AUTHOR: Marissa Meyer
LENGTH: 400 pages
SUMMARY: (via amazon.com) Humans and androids crowd the raucous streets of New Beijing. A deadly plague ravages the population. From space, a ruthless lunar people watch, waiting to make their move. No one knows that Earth’s fate hinges on one girl. . . .
Cinder, a gifted mechanic, is a cyborg. She’s a second-class citizen with a mysterious past, reviled by her stepmother and blamed for her stepsister’s illness. But when her life becomes intertwined with the handsome Prince Kai’s, she suddenly finds herself at the center of an intergalactic struggle, and a forbidden attraction. Caught between duty and freedom, loyalty and betrayal, she must uncover secrets about her past in order to protect her world’s future.

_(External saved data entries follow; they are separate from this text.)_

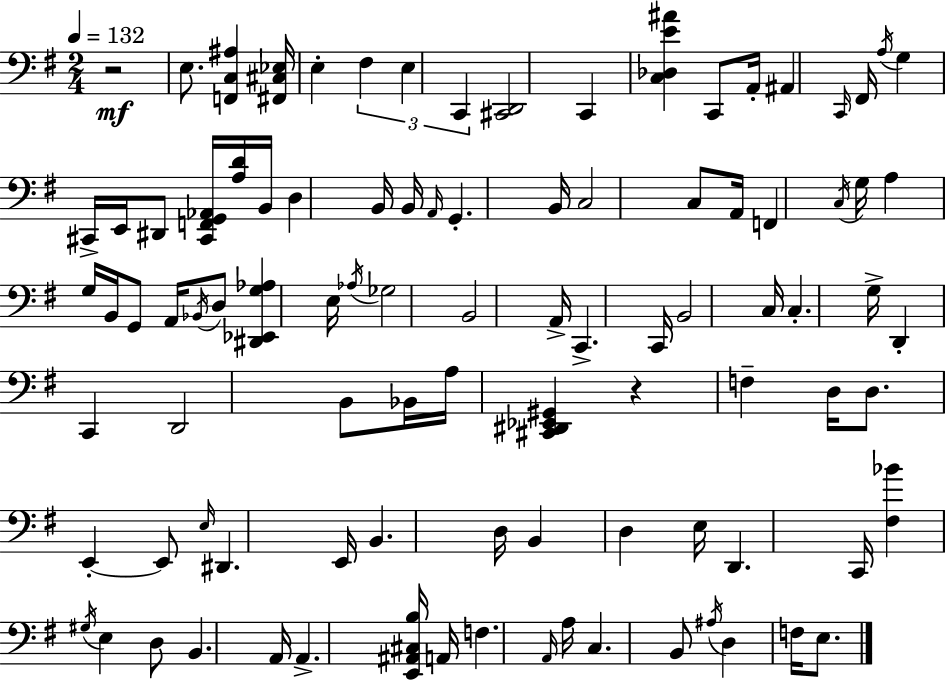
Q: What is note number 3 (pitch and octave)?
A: F#3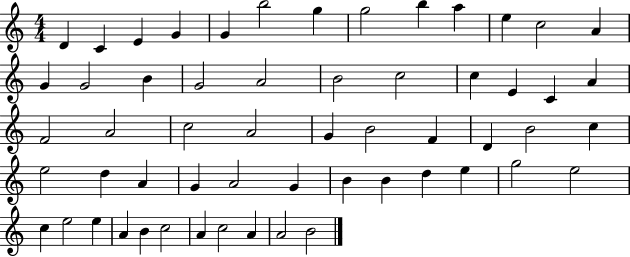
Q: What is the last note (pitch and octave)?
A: B4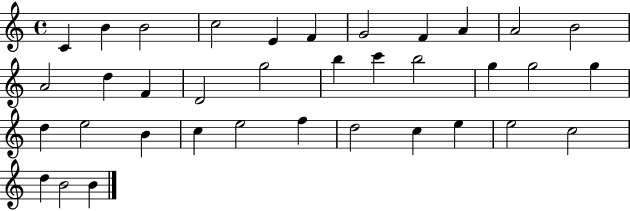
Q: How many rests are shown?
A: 0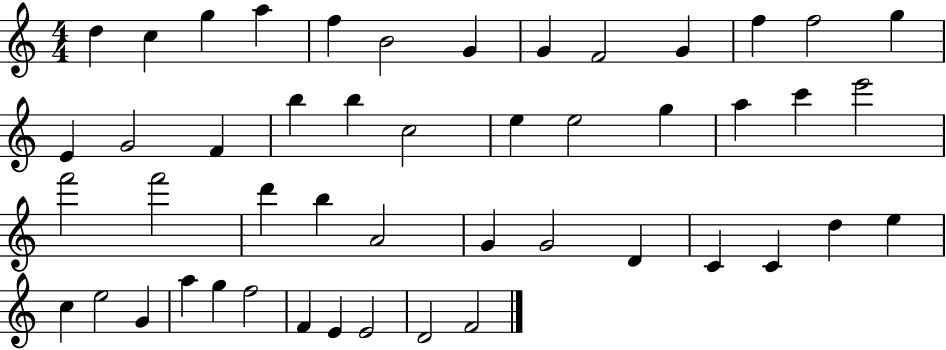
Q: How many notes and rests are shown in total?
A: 48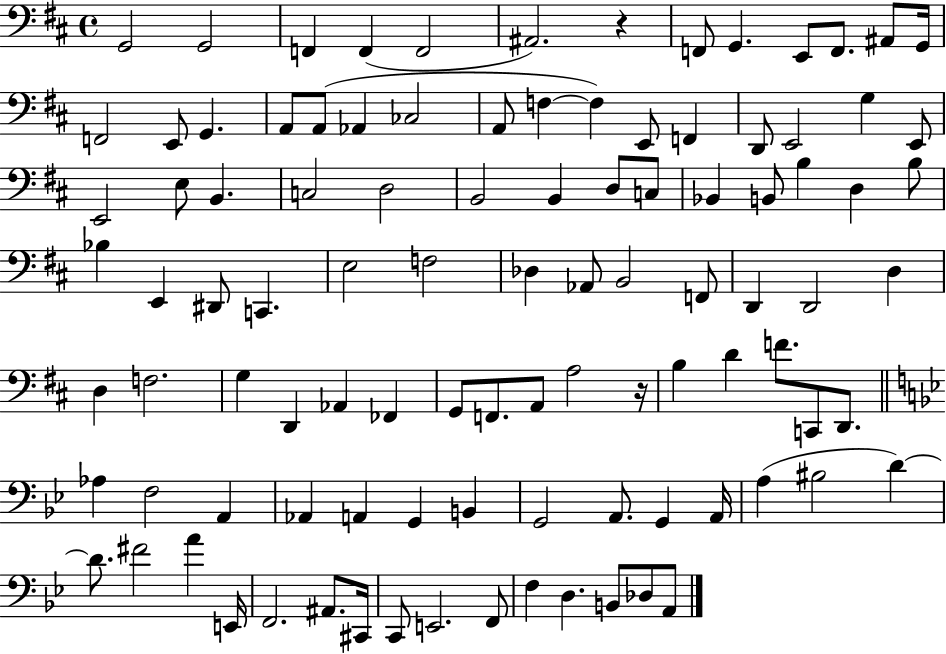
{
  \clef bass
  \time 4/4
  \defaultTimeSignature
  \key d \major
  g,2 g,2 | f,4 f,4( f,2 | ais,2.) r4 | f,8 g,4. e,8 f,8. ais,8 g,16 | \break f,2 e,8 g,4. | a,8 a,8( aes,4 ces2 | a,8 f4~~ f4) e,8 f,4 | d,8 e,2 g4 e,8 | \break e,2 e8 b,4. | c2 d2 | b,2 b,4 d8 c8 | bes,4 b,8 b4 d4 b8 | \break bes4 e,4 dis,8 c,4. | e2 f2 | des4 aes,8 b,2 f,8 | d,4 d,2 d4 | \break d4 f2. | g4 d,4 aes,4 fes,4 | g,8 f,8. a,8 a2 r16 | b4 d'4 f'8. c,8 d,8. | \break \bar "||" \break \key bes \major aes4 f2 a,4 | aes,4 a,4 g,4 b,4 | g,2 a,8. g,4 a,16 | a4( bis2 d'4~~) | \break d'8. fis'2 a'4 e,16 | f,2. ais,8. cis,16 | c,8 e,2. f,8 | f4 d4. b,8 des8 a,8 | \break \bar "|."
}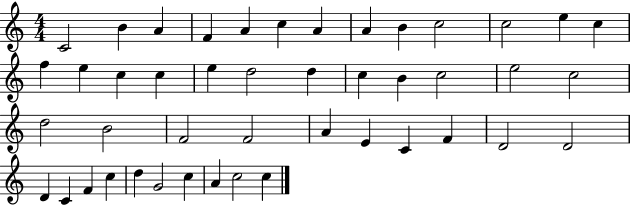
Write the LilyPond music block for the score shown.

{
  \clef treble
  \numericTimeSignature
  \time 4/4
  \key c \major
  c'2 b'4 a'4 | f'4 a'4 c''4 a'4 | a'4 b'4 c''2 | c''2 e''4 c''4 | \break f''4 e''4 c''4 c''4 | e''4 d''2 d''4 | c''4 b'4 c''2 | e''2 c''2 | \break d''2 b'2 | f'2 f'2 | a'4 e'4 c'4 f'4 | d'2 d'2 | \break d'4 c'4 f'4 c''4 | d''4 g'2 c''4 | a'4 c''2 c''4 | \bar "|."
}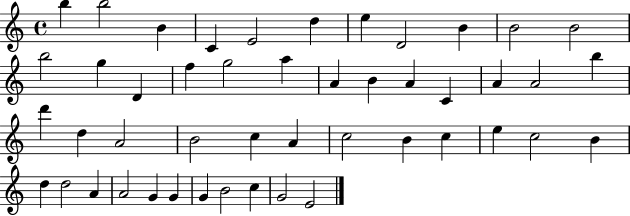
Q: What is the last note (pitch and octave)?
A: E4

BRIDGE: Teachers could use this book to teach fables, fairy tales, and allegory. Using this book in lit circles with other adapted, well-known stories would be easy. It could be paired with its namesake Cinderella or with a completely different allegory like Animal Farm to compare the allegorical structure. In addition, looking at the elements of a fairy tale from the original Cinderella and analyzing how Meyer used those elements with her futuristic setting and documenting the fun twists on the original fairy tale would be a good analysis lesson. This book could also be used in a science class to discuss the dynamics of creating cyborgs and to analyze the technology used in the book. How probable is it that this technology will exist? Does some of it ALREADY exist? History classes could use this book to analyze diplomacy and compare the negotiations with the Lunar Queen to similar marriage negotiations of the past. In addition, there is a definite caste system/segregation of society between the humans and the cyborgs. Students could look at other caste systems and countries where segregation and discrimination have been seen or are still being seen to do comparisons. And the ethics surrounding the use of cyborgs as test subjects could spark some serious debate.
READERS: This book will appeal to fans of science fiction but will also appeal to readers who enjoy a good identity story with a bit of romance mixed in. The love interest part of the story does not overwhelm the plot and is nicely done. While more discerning readers will figure out one of the major plot points early on, curiosity about the resolution will carry the reader to finish the book. Readers who enjoy strong protagonists will cheer for Cinder and grind their teeth in frustration with her when the obstacles appear. Fans of audiobooks will enjoy the narration in this one.
OTHER TITLES: Readers who like this book will also enjoy Ender’s Game by Orson Scott Card, The Host by Stephenie Meyer, and The Adoration of Jenna Fox by Mary E. Pearson.